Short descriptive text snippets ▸
*** Begin section ***

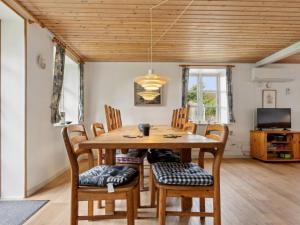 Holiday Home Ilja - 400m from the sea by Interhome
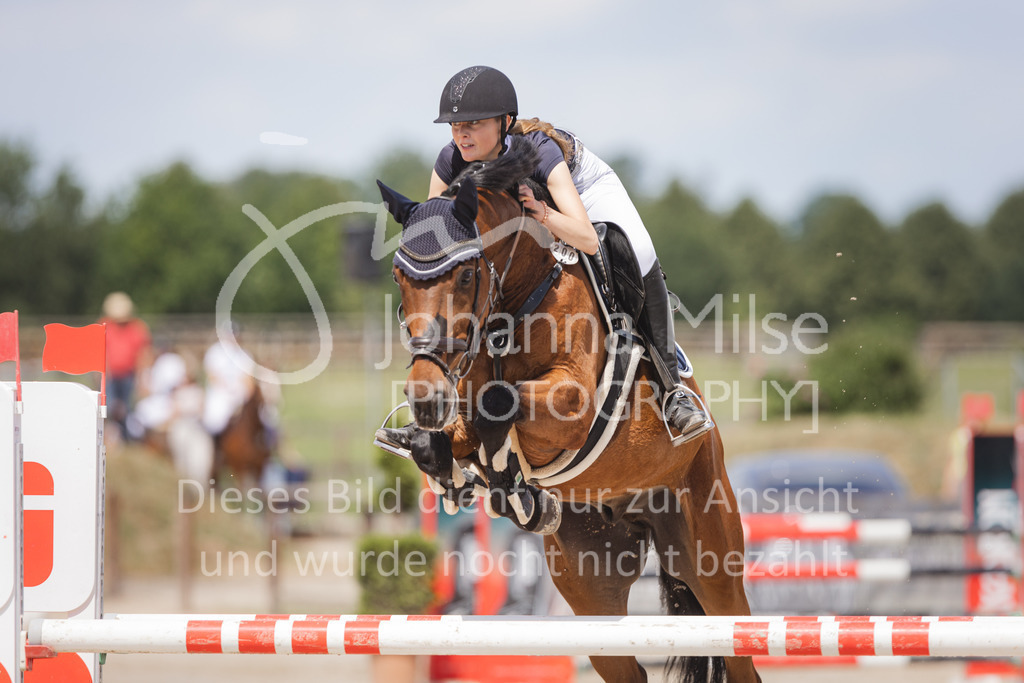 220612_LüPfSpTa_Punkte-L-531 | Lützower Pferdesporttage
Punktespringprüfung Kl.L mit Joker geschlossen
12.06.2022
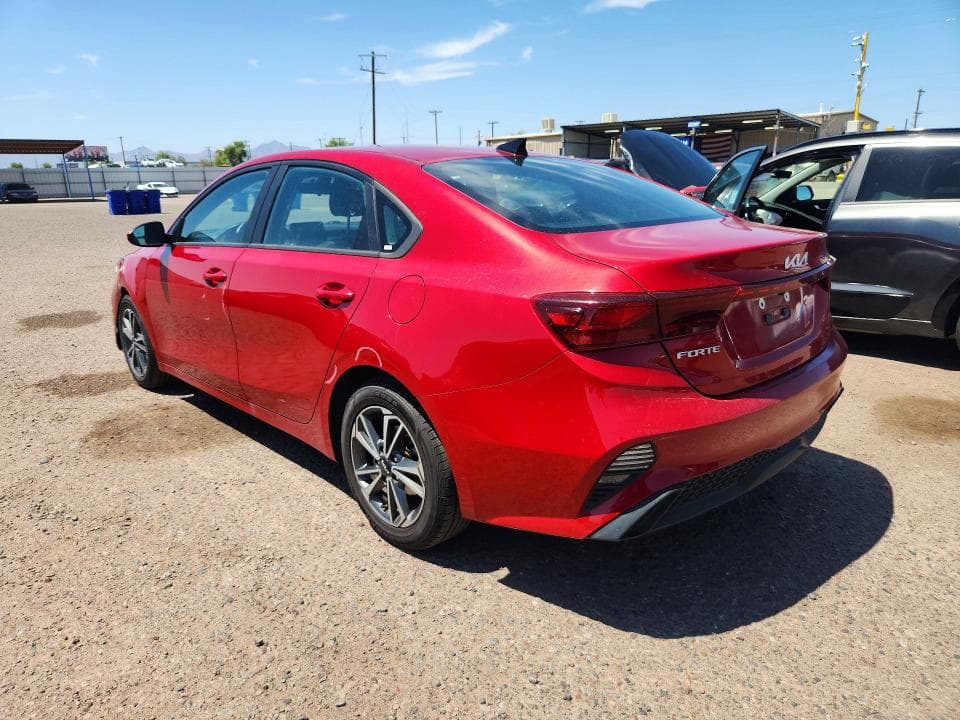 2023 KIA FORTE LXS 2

*** End section ***
*** Begin section ***

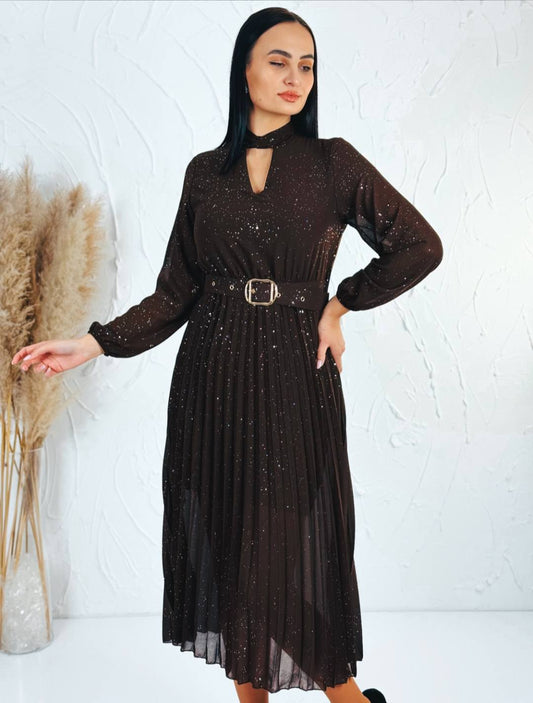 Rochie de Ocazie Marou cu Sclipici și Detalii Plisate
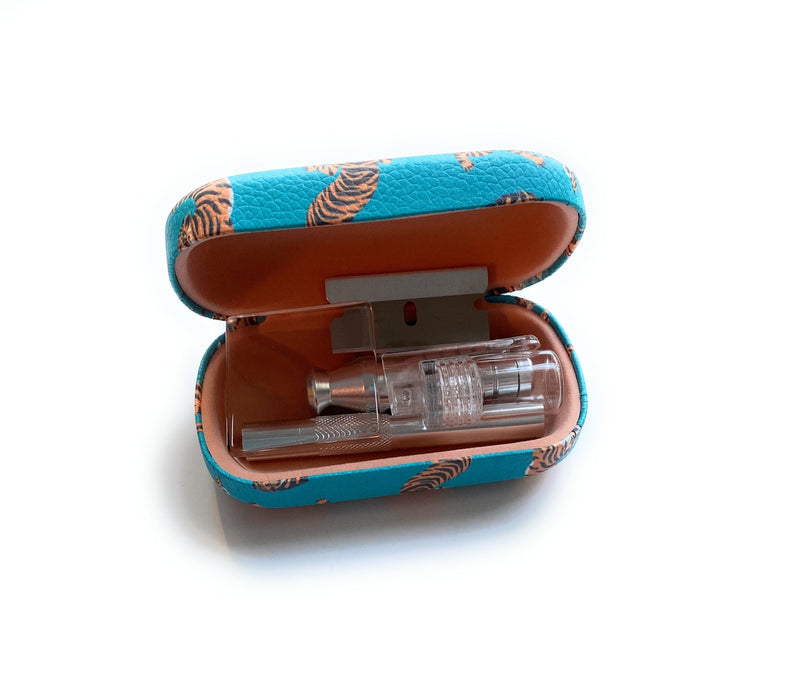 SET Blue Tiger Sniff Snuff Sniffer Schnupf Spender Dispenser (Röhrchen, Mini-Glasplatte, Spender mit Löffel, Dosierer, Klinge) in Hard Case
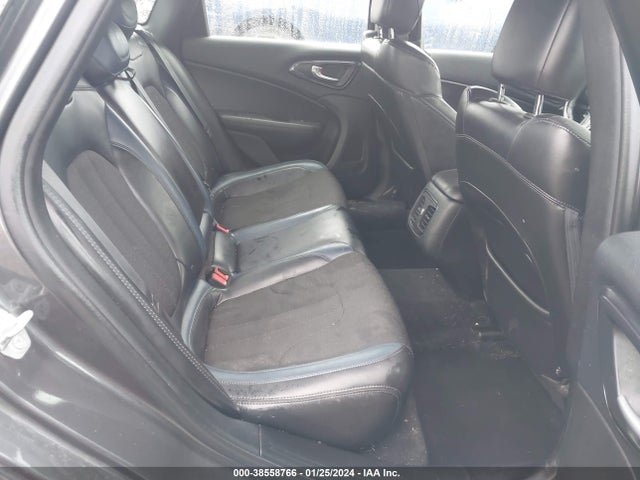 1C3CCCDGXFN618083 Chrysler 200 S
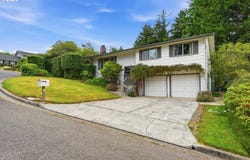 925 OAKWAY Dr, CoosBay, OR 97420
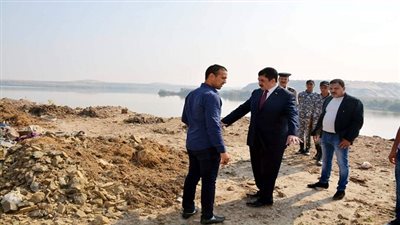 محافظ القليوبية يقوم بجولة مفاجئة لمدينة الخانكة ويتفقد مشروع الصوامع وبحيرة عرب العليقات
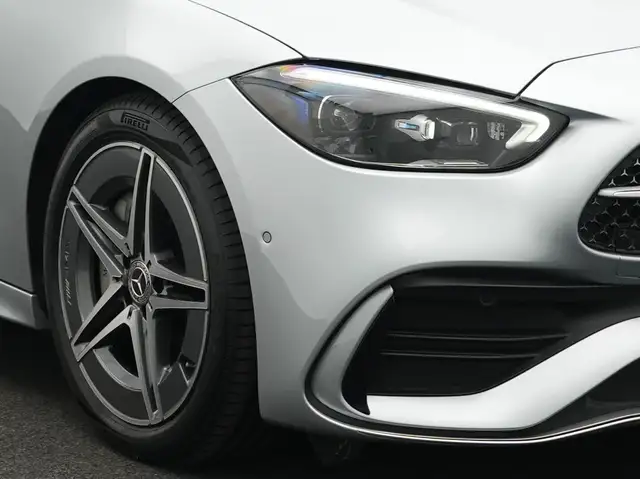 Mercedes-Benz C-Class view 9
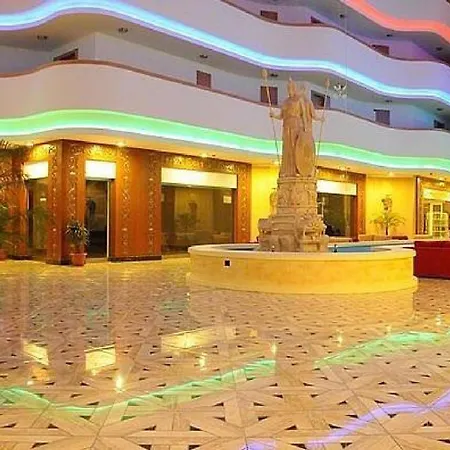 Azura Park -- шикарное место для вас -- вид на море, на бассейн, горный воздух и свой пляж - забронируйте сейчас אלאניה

*** End section ***

Task statement ▸
In the data above, take the line with "Rochie de Ocazie", the line with "Azura Park -- шикарное", and every line between, and set them down exactly without pictures.

Solution to this problem ▸
 Rochie de Ocazie Marou cu Sclipici și Detalii Plisate
 SET Blue Tiger Sniff Snuff Sniffer Schnupf Spender Dispenser (Röhrchen, Mini-Glasplatte, Spender mit Löffel, Dosierer, Klinge) in Hard Case
 1C3CCCDGXFN618083 Chrysler 200 S
 925 OAKWAY Dr, CoosBay, OR 97420
 محافظ القليوبية يقوم بجولة مفاجئة لمدينة الخانكة ويتفقد مشروع الصوامع وبحيرة عرب العليقات
 Mercedes-Benz C-Class view 9
 Azura Park -- шикарное место для вас -- вид на море, на бассейн, горный воздух и свой пляж - забронируйте сейчас אלאניה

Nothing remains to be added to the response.